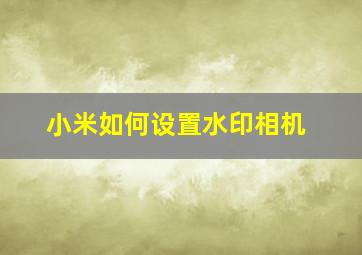 小米如何设置水印相机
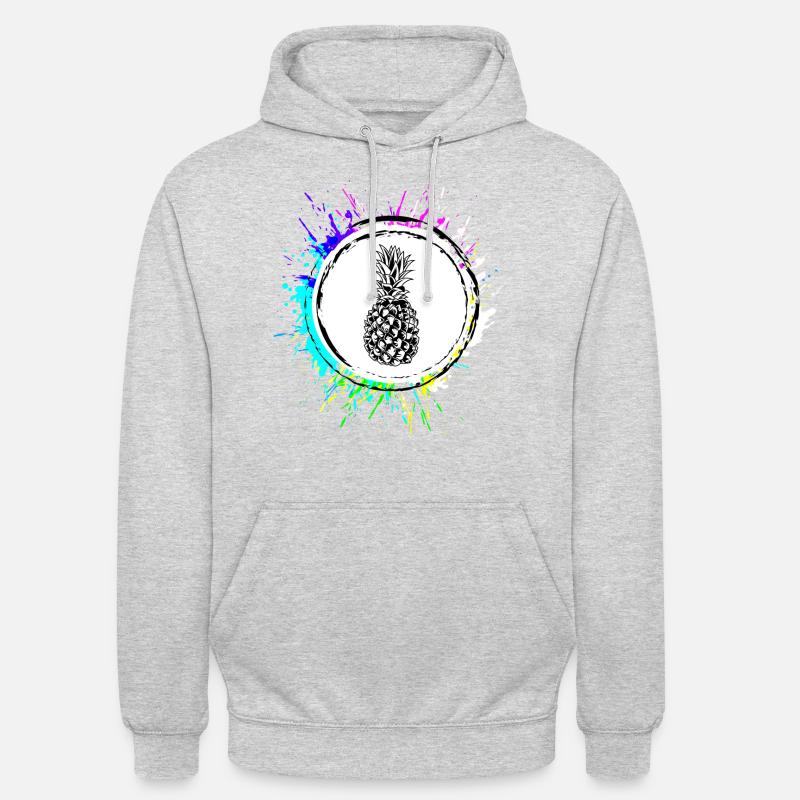 Ananas Bunt - Unisex Hoodie - Hellgrau meliert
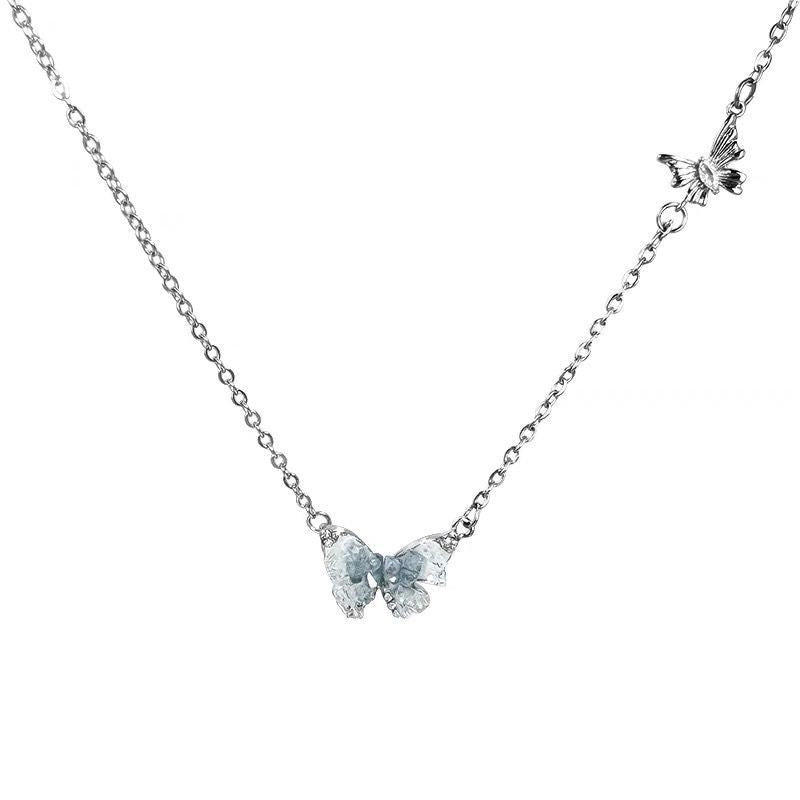 Wholesale Ice Crystal Gradient Pearl Butterfly Tassel Necklace Clavicle Chain
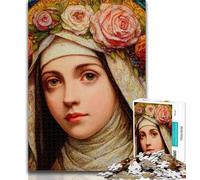 Puzzles for Adults Portrait of Mary The Mother Puzzles for Teenagers 1000 Pieces,Relax Games Is Ideal As A Gift for The Whole Family 26x38cm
_ _ _ _
§ What to produce: No picture should be included when the data are set down again exactly.

§ Task result:
 小米如何设置水印相机
 Ananas Bunt - Unisex Hoodie - Hellgrau meliert
 Wholesale Ice Crystal Gradient Pearl Butterfly Tassel Necklace Clavicle Chain
 Puzzles for Adults Portrait of Mary The Mother Puzzles for Teenagers 1000 Pieces,Relax Games Is Ideal As A Gift for The Whole Family 26x38cm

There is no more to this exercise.